In my opinion for either a stock BMW cannot be reved over 7300 RPMS anymore and you risk messing up the harmonic vibration dampener on the crank and risk throwing a rod.

If you are just talking about drag racing where you only got to where the needle gets a little red you should be OK as long as you keep your engine in good working order. The main thing that I would worry about if a lifter getting stuck and bending or blowing a valve.

Now if it is Autocross you are thinking about I would say it puts a little more stress on your engine then a16 second drag race. I autocross occasionally and most of the time you never get out of second gear and find yourself maintaining 6000 RPMS for the entire minute to minute and a half lap. WHich is a lot of stress in my opinion.


John Firestone
01-03-2005, 05:58 AM
There are plenty of people around here who maintain 6000 rpm in fifth for much longer than a few minutes. Usually nothing happens.

01-03-2005, 04:47 PM
There are plenty of people around here who maintain 6000 rpm in fifth for much longer than a few minutes. Usually nothing happens.
I do agree that you are right but I think the stress level at 6K in second is greater then in fifth, especially when making .5g latteral turns with all the oil in your oil pan stuck to one side of the pan.

Just a thought.


01-03-2005, 11:40 PM
There are plenty of people around here who maintain 6000 rpm in fifth for much longer than a few minutes. Usually nothing happens.

I didn't even know a 318 could push the car all the way to 6,000 rpms in 5th I have never had the nerve to try it. I want a better suspension first.
Is that stock or modified?

And I meant just a little in the red then SHIFT.

01-04-2005, 01:19 AM
i redline when i feel like goin fast, some time i even get up to 6300, cuz i like to hear that engine scream and ask for mercy, the car is at 85,000 miles nothing happened so far, and i think that a little red lining would be fine.
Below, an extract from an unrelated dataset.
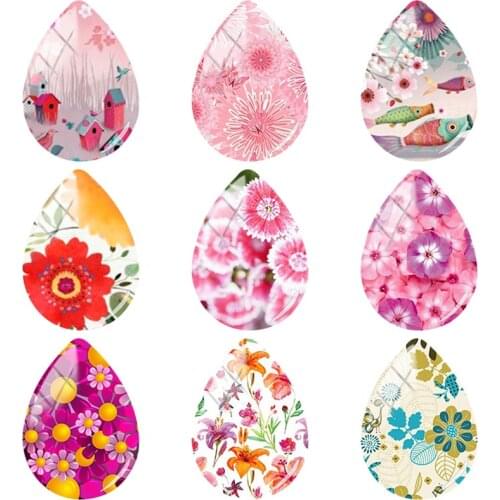 TAFREE Densely Flowered Photo 18x25mm Handmade Tear Drop Shape Glass Cabochon Dome Flat Back Jewelry FL273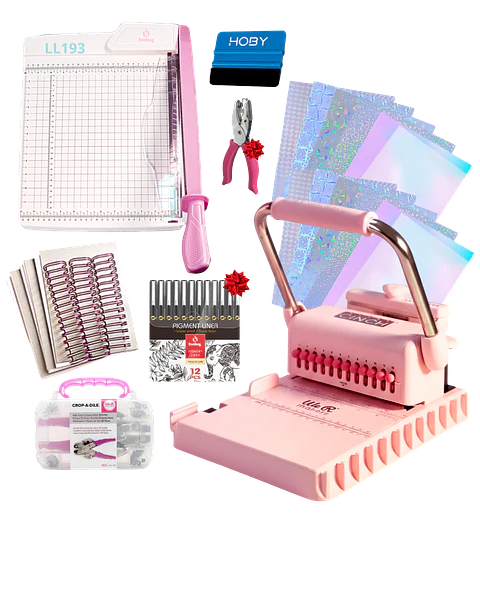 Encuadernadora Cinch Pink Perforación Redonda Kit Ll193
floor that **** until it starts to scream for mercy, then floor it little bit more then u can shift.

01-04-2005, 01:28 AM
I have taken mine 6500 quite a few times and I have 140,000 miles. It is like nothing, but it was driven by my dad and he swore to never take it above 3500 or 4000 RPMs. I'm could swear it runs better now than when I got the car from him two years ago.

01-04-2005, 03:14 AM
I had the automatic before I had a manual....I topped the auto out at roughly 115-120 mph and it wasn't up to redline. I don't remember what the tach was telling me at 120 mph in the manual. Definately not redline, even though I was at the factory governing point where BMW decided not to let me go any faster. 120 is fast enough on Interstate 95 anyway. (=

John Firestone
01-04-2005, 05:22 PM
The speed limiter BMW NA put on their later 4-cylinder cars steps in and takes away the punch bowl at 190 km/h (118 mph), or around 5800 rpm in fifth on a manual transmission car with a 3.45 final ratio. The limiter has a few kilometers per hour hystersis and lets the party resume when the speed has retreated to 116 mph, BMW NA's official top speed for the cars.

A stock BMW NA car will happily charge to the engine's 6000 rpm power maximum after you remove the speed limiter. (If anyone needs to do this, just send me a PM.) Thereafter, the car slowly loses steam. You could, if you desired, push a M42/M44 coupe or four-door all the way to the 6500 rpm rev limiter in fifth, but venturing much beyond the power maximum is probably a bit impractical. The last few hundred rpm take forever to get through; you need a lot of open road; not to mention, a decently filled tank as the fuel consumption gets a bit ridiculous.

I believe BMW quoted a slightly lower top speed for a European 318ti with the same gearing which makes me think you may need a downward slope or a decent tail wind to reach its rev limit. A de-neutered BMW NA 318ti may also stop a little short (perhaps because of wind resistance?)